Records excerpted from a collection

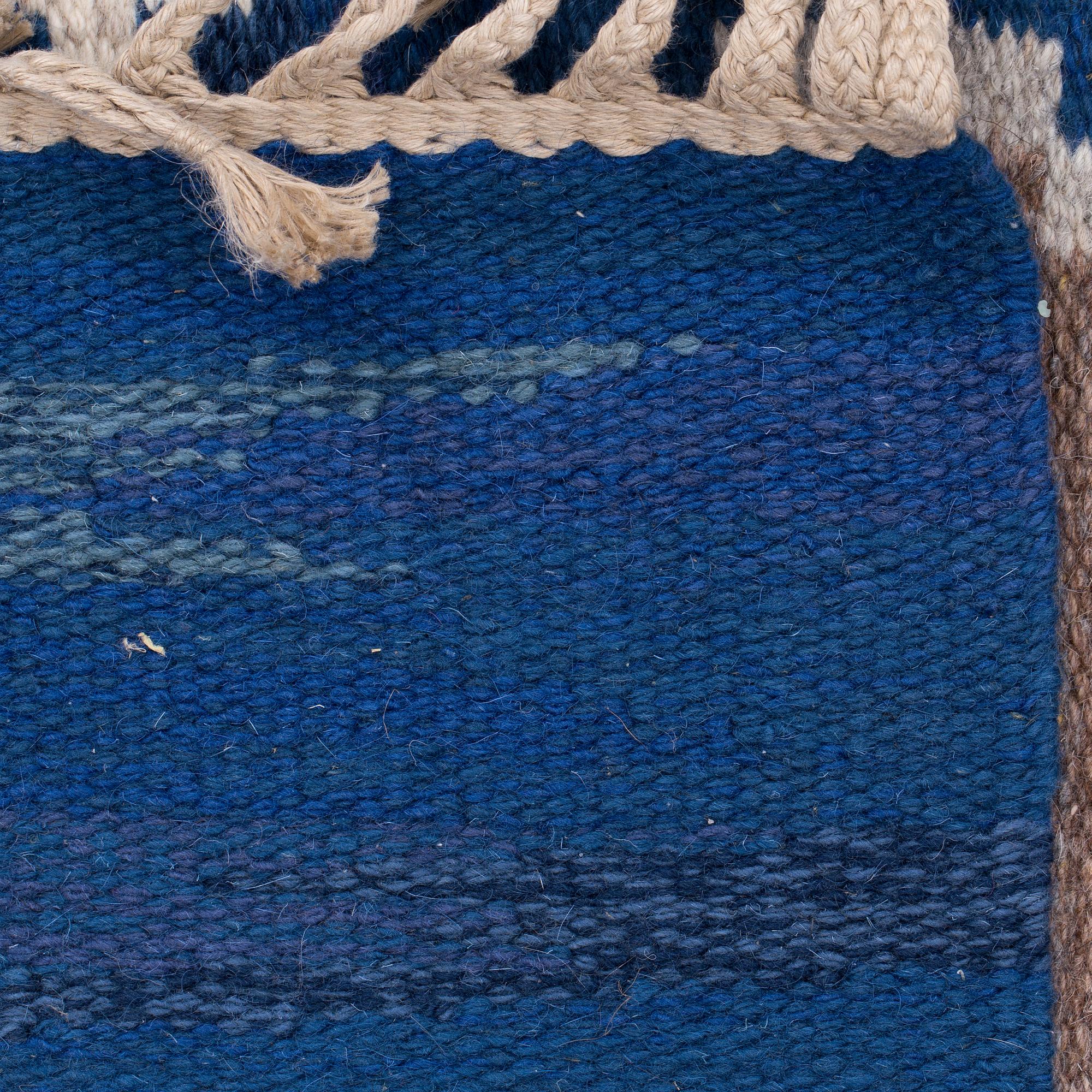 A CARPET, "Stjärnsund", flat weave, signed J (Judith Johansson), around 258 x 167 cm.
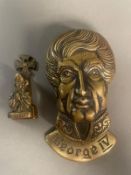 Two antique door knockers one George IV and the other A Beckett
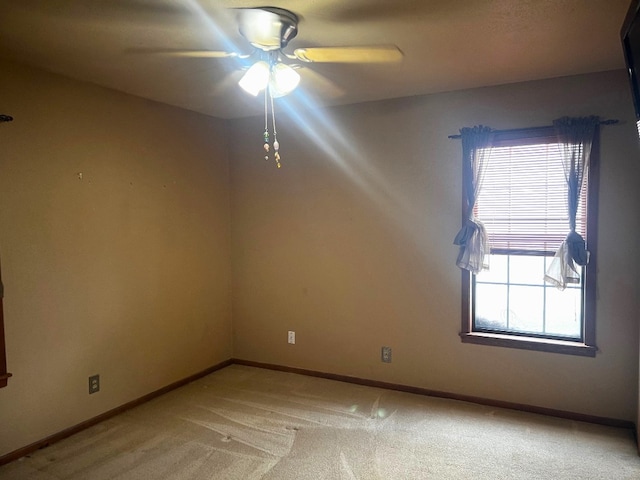 empty room featuring carpet floors and ceiling fan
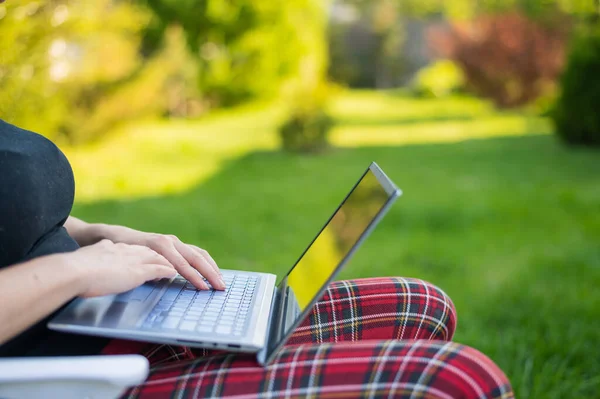 Mulher senta-se em um parque e tipos no computador enquanto faz compras on-line. A menina mantém uma distância social e trabalha ao ar livre em um laptop. O estudante está estudando remotamente . — Fotografia de Stock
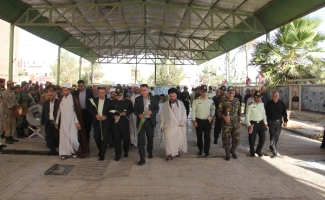 آیین غبارروبی و عطر افشانی مزار شهدای احمد ابن اسحاق (ره) سرپل ذهاب بمناسبت گرامیداشت هفته دفاع مقدس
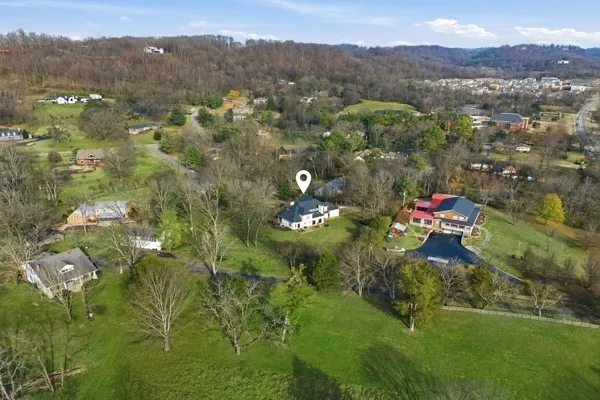 a car parked in the middle of a yard
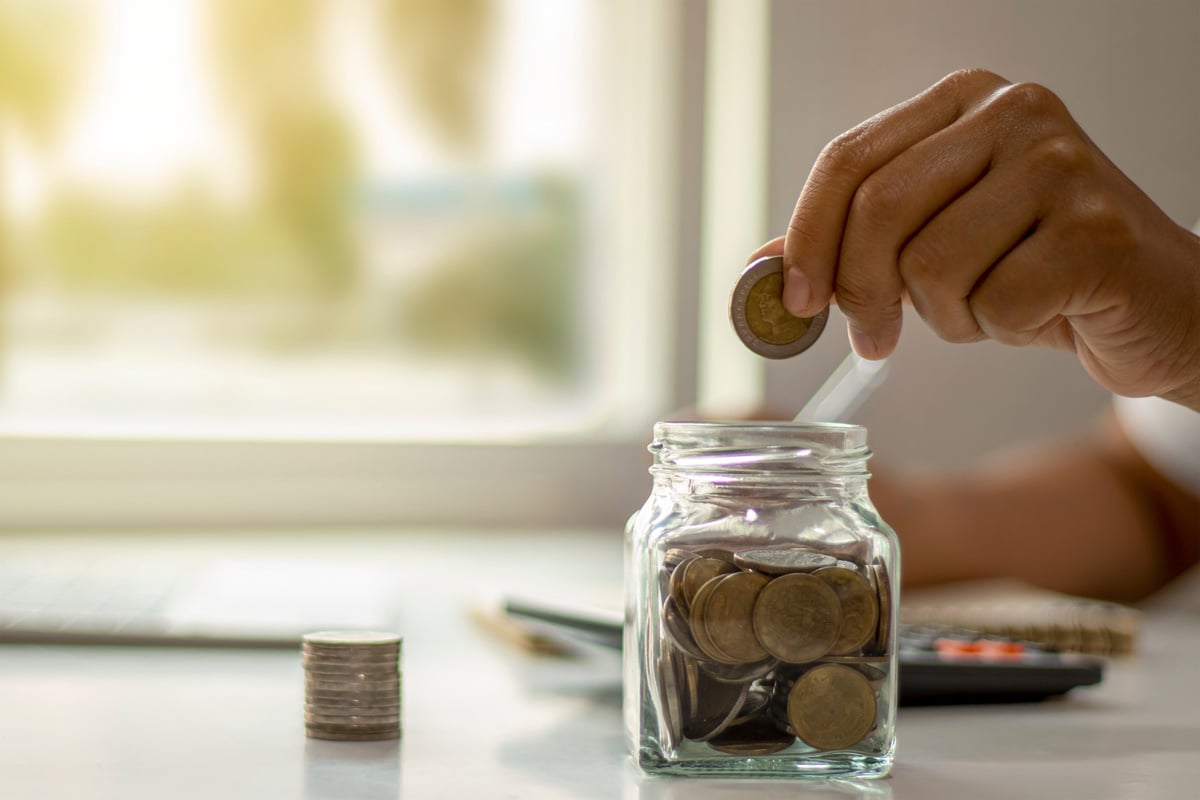 Person Saving Coins in a Jar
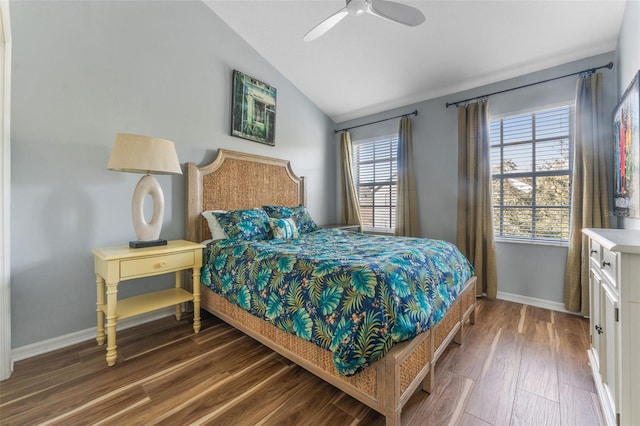 bedroom with lofted ceiling, dark hardwood / wood-style floors, and ceiling fan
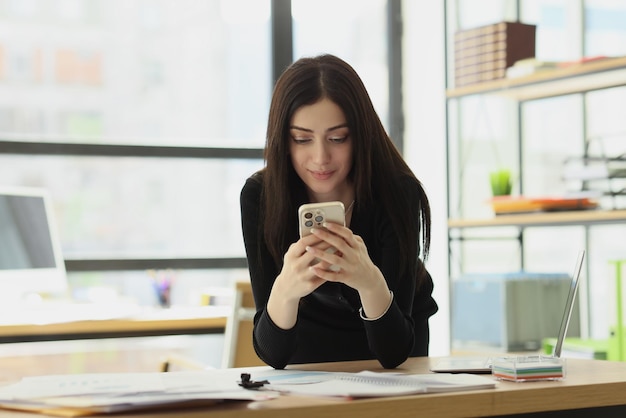 Satisfied woman sends messages to boyfriend via smartphone sitting at table in office brunette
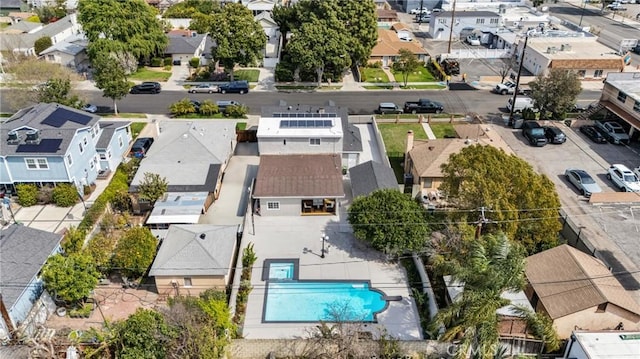 birds eye view of property with a residential view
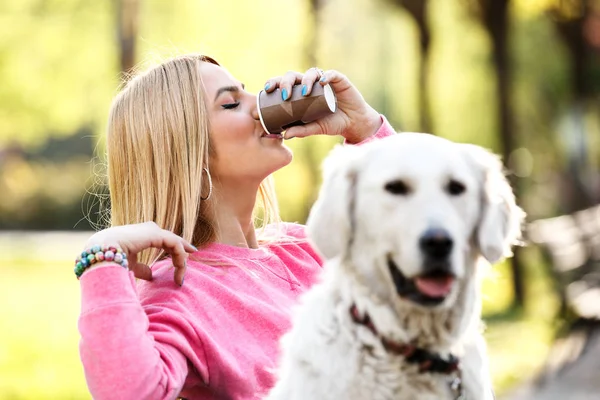 Woman enjoying park with dog — Stock Photo, Image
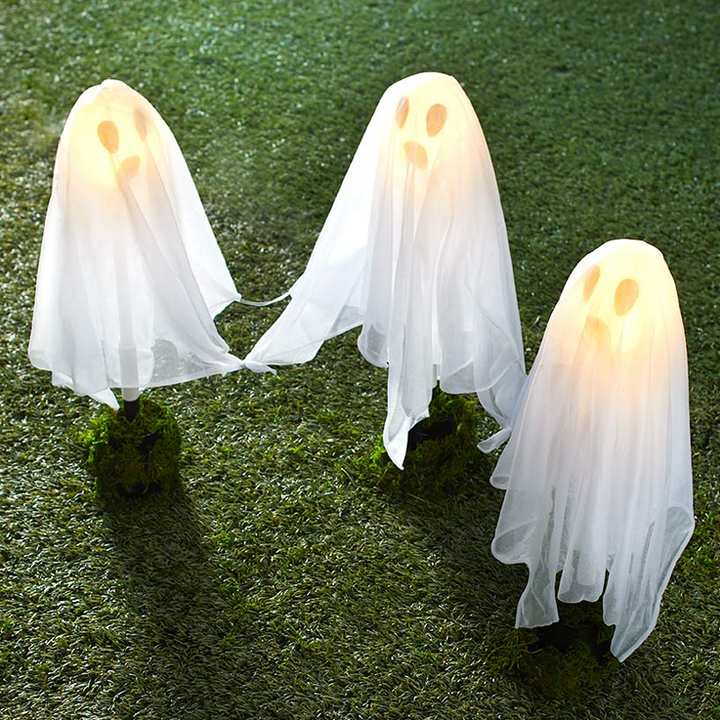 "Hängande LED-ljus spöke för Halloween, vitt tyg och glödande ansikte, perfekt för utomhusdekorationer."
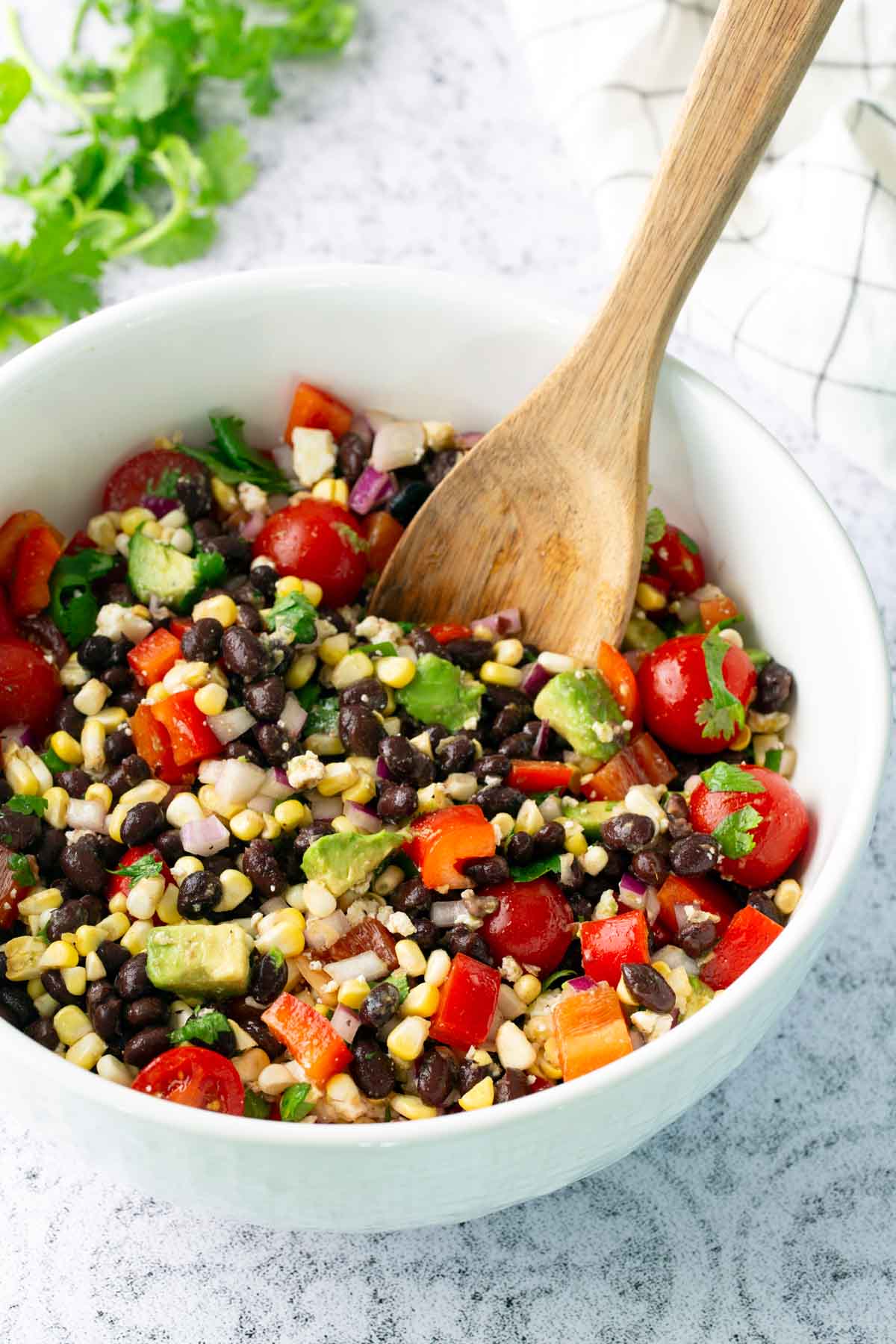 A white bowl filled with a colorful salad of black beans, corn, cherry tomatoes, red bell pepper, avocado, and cilantro, with a wooden spoon for mixing.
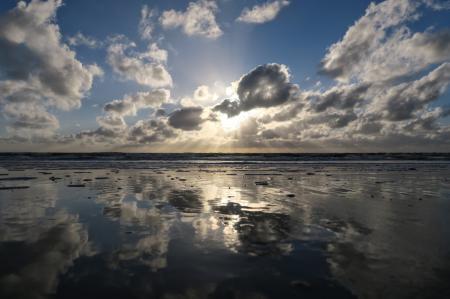 Sun Rays Through Cumulus Clouds Reflecting over Body of Water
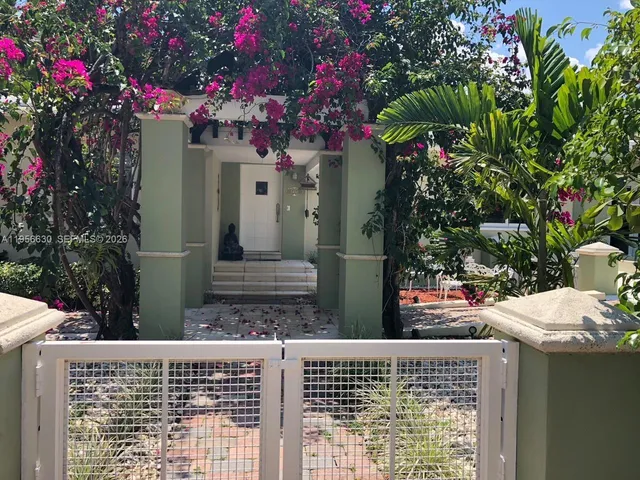 a couple of cars parked in front of a house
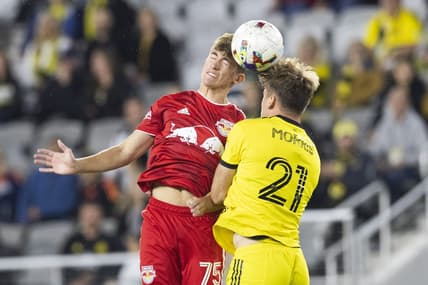 Oct 1, 2022; Columbus, Ohio, USA; New York Red Bulls midfielder Daniel Edelman (75) and Columbus Crew midfielder Aidan Morris (21) battle for the ball in the first half at Lower.com Field. Mandatory Credit: Greg Bartram-USA TODAY Sports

Activity: Repeat verbatim the lines between the start of the data and the line containing "Mulher senta-se em", both ends included, omitting all pictures.

Result of this exercise:
 A CARPET, "Stjärnsund", flat weave, signed J (Judith Johansson), around 258 x 167 cm.
 Two antique door knockers one George IV and the other A Beckett
 empty room featuring carpet floors and ceiling fan
 Mulher senta-se em um parque e tipos no computador enquanto faz compras on-line. A menina mantém uma distância social e trabalha ao ar livre em um laptop. O estudante está estudando remotamente . — Fotografia de Stock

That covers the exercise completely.